I was going to post these, however I looked closer and they didn't look like 1" unless there was allot of manipulation happening at the wide angle.

1" diagonal is around 15.9mm, so the half of that is 7.95mm

so the wide angle end is going to be distorted and reduced in resolution if it's stretched to fit a 1" sensor size


----------



## bholliman (Feb 16, 2018)

I've experimented with the super zoom P&S cameras in stores and wonder who is buying them. 

Sure, you can zoom in to the FF equivalent of 1000mm, but with a small sensor and relatively slow zoom lens, the light gathered will be limited and resulting image quality poor in direct sunlight and terrible in anything less.


----------



## mistaspeedy (Feb 16, 2018)

The last two Canon Powershot cameras that I owned were as follows:

Canon Powershot a640 (from 2006 bought new)
Canon Powershot SX130IS (from 2010 bought new)

I bought them back in the day when I had no idea about cameras.

You really had to be a perfectionist to squeeze some decent images out of them. I hacked them both with CHDK to shoot raw (DNG).

After carefully nailing the exposure at base ISO, and with careful sharpening and noise reduction, the images look nice, sharp and noise free at 50% width/height.

My next step forward was a used 20D which totally blew both out of the water, even though it is much older.

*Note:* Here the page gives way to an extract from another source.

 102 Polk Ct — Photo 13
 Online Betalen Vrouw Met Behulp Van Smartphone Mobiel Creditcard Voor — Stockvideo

I'm curious how far we've come in compact camera image quality since then.


----------



## SkynetTX (Feb 16, 2018)

I've recently bought a PowerShot SX620 HS for my mother because the 1200D I've originally wanted her to use is now too heavy for her to walk around in a city for hours and sometimes the lenses (and the camera) are just too big to take a good photo.
Even the kit lens was too large to fit between the bars of the cages of the horses in Lipica, Slovenija, while the SX620 is small enough to put it behind the bars and take a shot of the horse without them appearing on it. Of course, the Image Quality is not as good as it could have been if we could use the 1200D but it's acceptable.
So sometimes we do need superzoom. A point and shoot with an APS-C sensor and 10x or 15x zoom (between 20 and 360 mm) would be great if Canon could keep it smaller than 34 mm in depth with relatively fast apertures (f/3.3-5).


----------



## okaro (Feb 17, 2018)

canonnews said:


> I was going to post these, however I looked closer and they didn't look like 1" unless there was allot of manipulation happening at the wide angle.
> 
> 1" diagonal is around 15.9mm, so the half of that is 7.95mm
> 
> so the wide angle end is going to be distorted and reduced in resolution if it's stretched to fit a 1" sensor size



Look at the focal lengths. They are for one inch. The first is 24-480 mm equiv, the second same and the third probably 28-546 mm and it would be with a constant aperture. A long zoom in a compact camera with one inch sensor would be nice.


----------



## Shellbo6901 (Feb 19, 2018)

if the g3x were to be upgraded with a lower mm I wouldn't be disappointed... if it were a tad lighter than it. i prefer canons to any other companys super zoom.


----------